In Cassandra, consistency is a caller-chosen quantity, from weak to durable-for-write-once to okay. (They added stronger consistency models in their later years, but I don't know much about them so I'm ignoring them here.) A writer can say "as long as my write succeeds at one server, I'm good" which means readers talking to a different server might not see it for a while. A writer can say "my write needs to succeed at majority of live servers", and then if a reader requires the same "quorum", we have a guarantee that the write wasn't lost due to a malfunction. It's still LWW, so the data can be overwritten by someone else without noticing. You couldn't implement a reliable "read, increment, write" counter directly on top of this level of consistency. (But once again, they added some sort of transactions later.)

The grandparent was asking for content-addressed storage enabling a coordination-free data store.
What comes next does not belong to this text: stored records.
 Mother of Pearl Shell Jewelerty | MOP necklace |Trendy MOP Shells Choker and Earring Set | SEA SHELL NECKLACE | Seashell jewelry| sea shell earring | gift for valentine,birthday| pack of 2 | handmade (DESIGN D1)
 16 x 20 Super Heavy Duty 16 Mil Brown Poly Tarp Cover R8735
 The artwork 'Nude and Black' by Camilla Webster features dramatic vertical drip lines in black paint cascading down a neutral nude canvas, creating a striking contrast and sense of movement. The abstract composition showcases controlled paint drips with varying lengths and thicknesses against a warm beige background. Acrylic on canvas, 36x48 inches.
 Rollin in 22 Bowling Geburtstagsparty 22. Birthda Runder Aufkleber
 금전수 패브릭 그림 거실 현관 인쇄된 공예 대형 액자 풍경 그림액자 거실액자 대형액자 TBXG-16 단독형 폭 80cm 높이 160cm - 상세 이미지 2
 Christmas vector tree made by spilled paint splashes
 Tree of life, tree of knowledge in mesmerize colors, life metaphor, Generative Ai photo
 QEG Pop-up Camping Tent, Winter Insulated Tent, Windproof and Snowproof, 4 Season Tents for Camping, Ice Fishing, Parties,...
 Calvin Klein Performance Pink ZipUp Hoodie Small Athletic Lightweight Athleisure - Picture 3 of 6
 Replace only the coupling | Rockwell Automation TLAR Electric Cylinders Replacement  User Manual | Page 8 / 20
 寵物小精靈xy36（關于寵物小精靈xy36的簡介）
So something more along the lines of Cassandra than RADOS.

Content-addressed means that e.g. you can only "Hello, world" under the key SHA256("Hello, world"). Generally, that means you need to store that hash somewhere, to ever see your data again. Doing this essentially removes the LWW overwrite problem -- assuming no hash collisions, only "Hello, world" can ever be stored at that key.

I have a pet project implementing content-addressed convergent encryption to an S3 backend, using symlinks in a git repo as the place to store the hashes, at https://github.com/bazil/plop -- it's woefully underdocumented but basically a simpler rewrite of the core of https://bazil.org/ which got stuck in CRDT merge hell. What that basically gets me is that e.g. ~/photos is a git repo with symlinks to a FUSE filesystem that manifests the contents on demand from S3-compatible storage. It can use multiple S3 backends, though active replication is not implemented (it'll just try until a write succeeds somewhere; reads are tried wider and wider until they succeed; you can prioritize specific backends to e.g. read/write nearby first and over the internet only when needed). Plop is basically a coordination-free content-addressed store, with convergent encryption. If you set up a background job to replicate between the S3 backends, it's quite reliable. (I'm intentionally allowing a window of only-one-replica-has-the-data, to keep things simpler.)

Here's some of the more industry-oriented writings from my bookmarks. As I said, it really is a university course (or three, or a PhD)..

https://www.the-paper-trail.org/page/cap-faq/

https://codahale.com/you-cant-sacrifice-partition-tolerance/

https://en.wikipedia.org/wiki/Conflict-free_replicated_data_...


I upvoted this but I also wanted to say as well that this summary is valuable for me to gain a better groundwork for an undoubtedly complex topic. Thank you for the additional context.


Thank you for this, I learned a lot from this comment.